**Try it**
What is needed is a word-for-word copy of every record below, minus the pictures.

Source material START

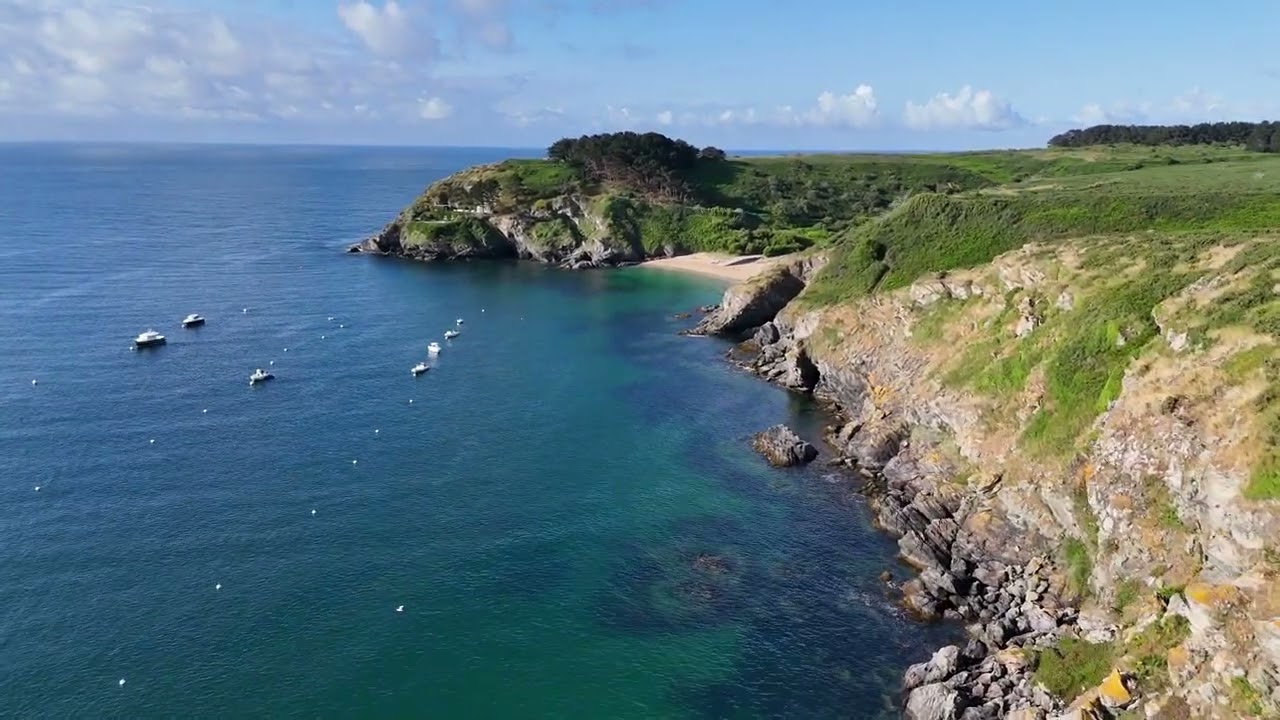 Port MARIA. Belle île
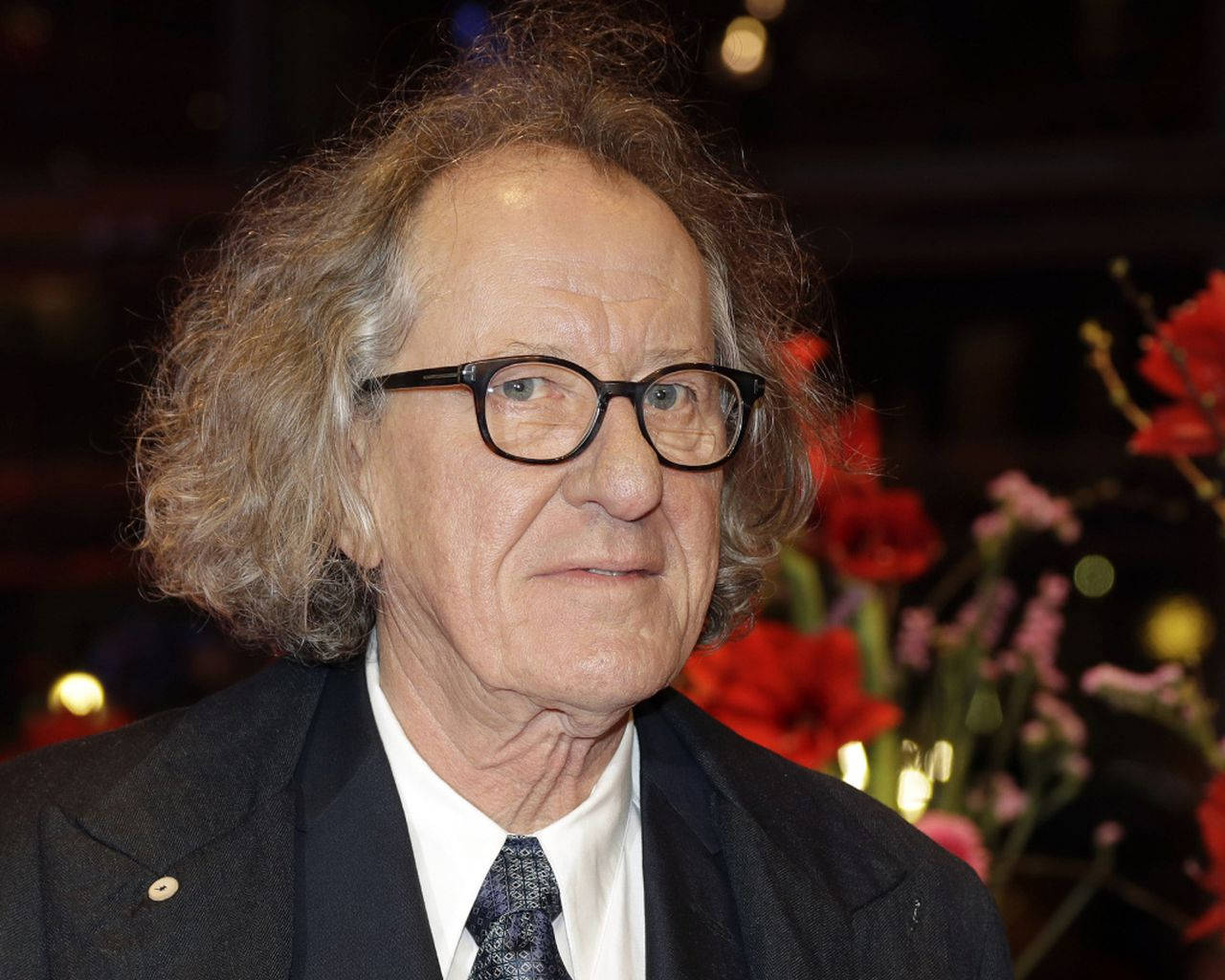 Renowned Australian Actor Geoffrey Rush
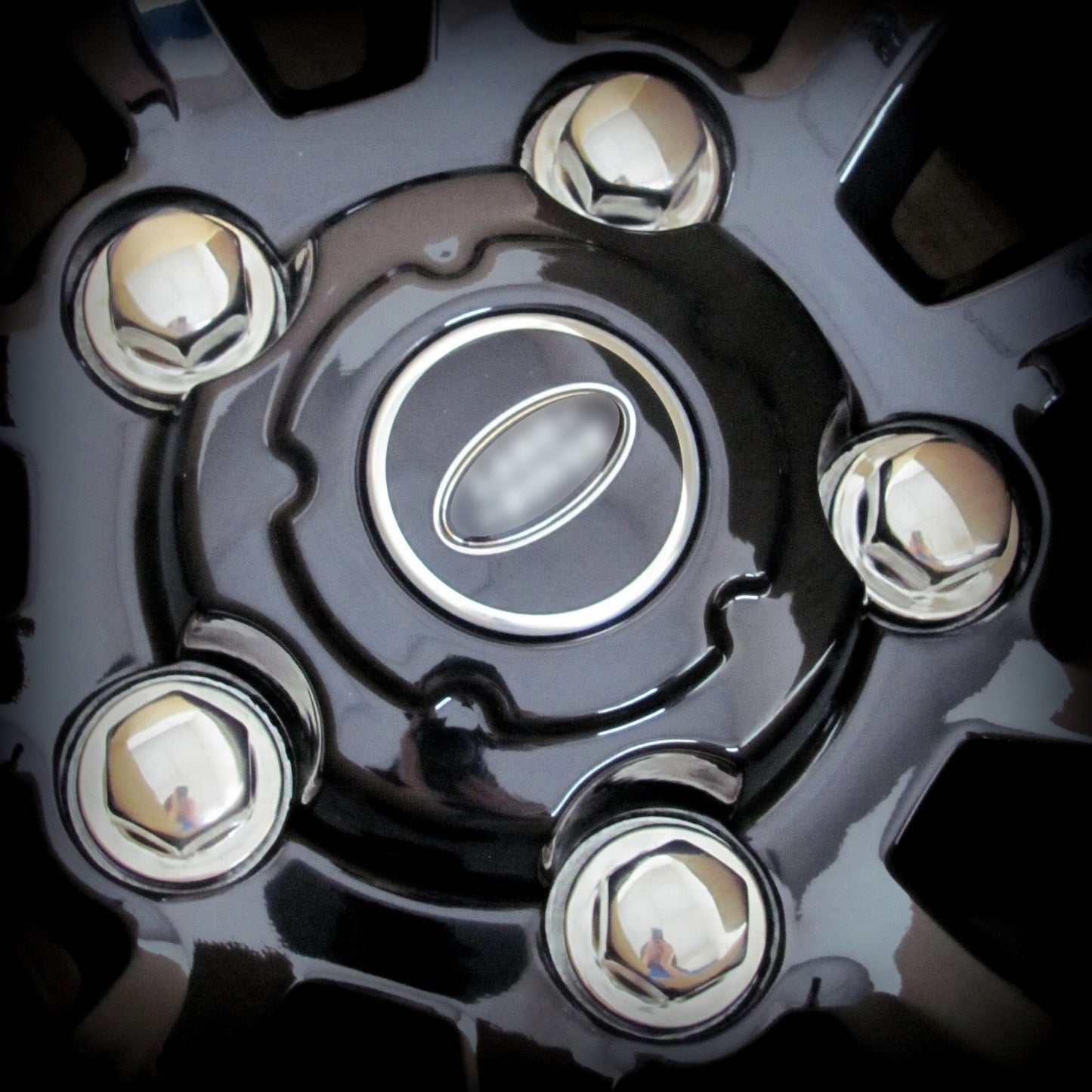 Wheel Nut - Alloy wheel type - 5pc kit - for Land Rover Defender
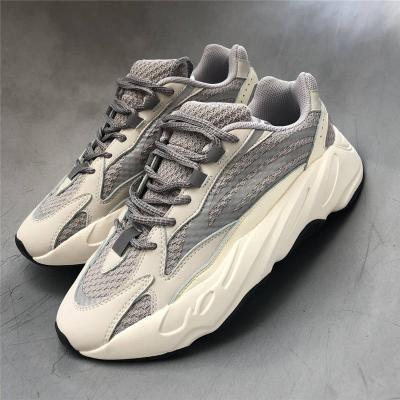 China SHOCK ABSORBING 2021 original sports Yeezy 700 casual walking V2 sneakers style new style running shoes for women for sale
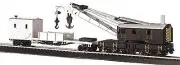 Bachmann 16149 HO Scale 250T Steam Crane Unlet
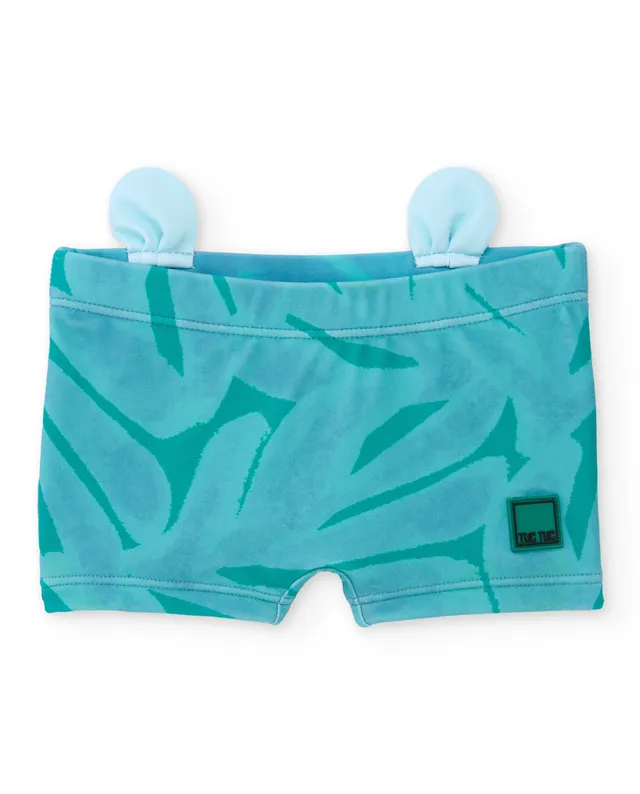 Tuc tuc costume boxer bimbo turchese orecchie mare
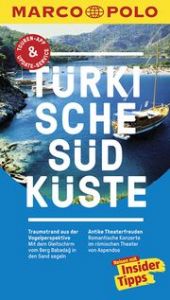 MARCO POLO Türkische Südküste Zaptcioglu-Gottschlich, Dilek/Gottschlich, Jürgen 9783829729208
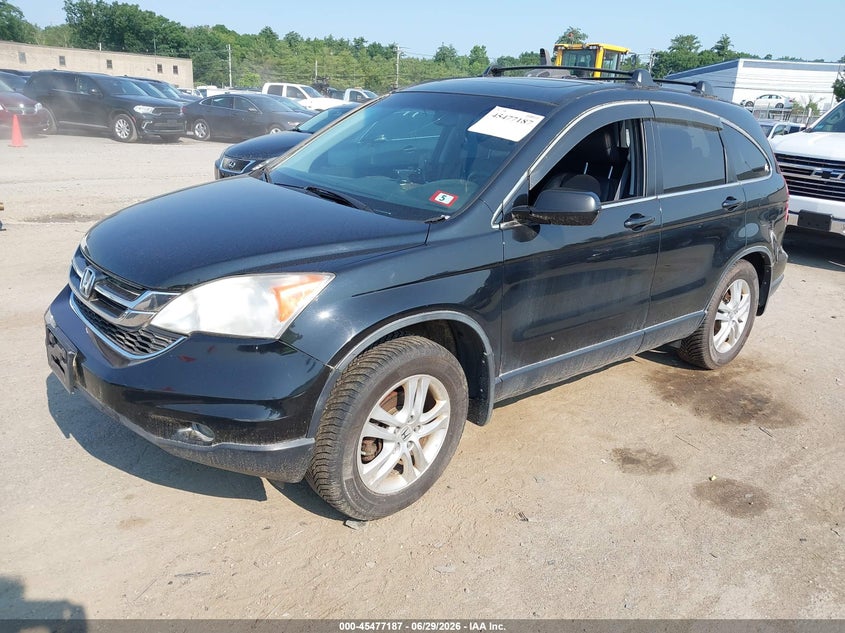 2011 HONDA CR-V SPORT UTILITY VEHICLE 2.4L I-4 DOHC, VVT, 180HP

Source material END

**Answer box**
 Port MARIA. Belle île
 Renowned Australian Actor Geoffrey Rush
 Wheel Nut - Alloy wheel type - 5pc kit - for Land Rover Defender
 China SHOCK ABSORBING 2021 original sports Yeezy 700 casual walking V2 sneakers style new style running shoes for women for sale
 Bachmann 16149 HO Scale 250T Steam Crane Unlet
 Tuc tuc costume boxer bimbo turchese orecchie mare
 MARCO POLO Türkische Südküste Zaptcioglu-Gottschlich, Dilek/Gottschlich, Jürgen 9783829729208
 2011 HONDA CR-V SPORT UTILITY VEHICLE 2.4L I-4 DOHC, VVT, 180HP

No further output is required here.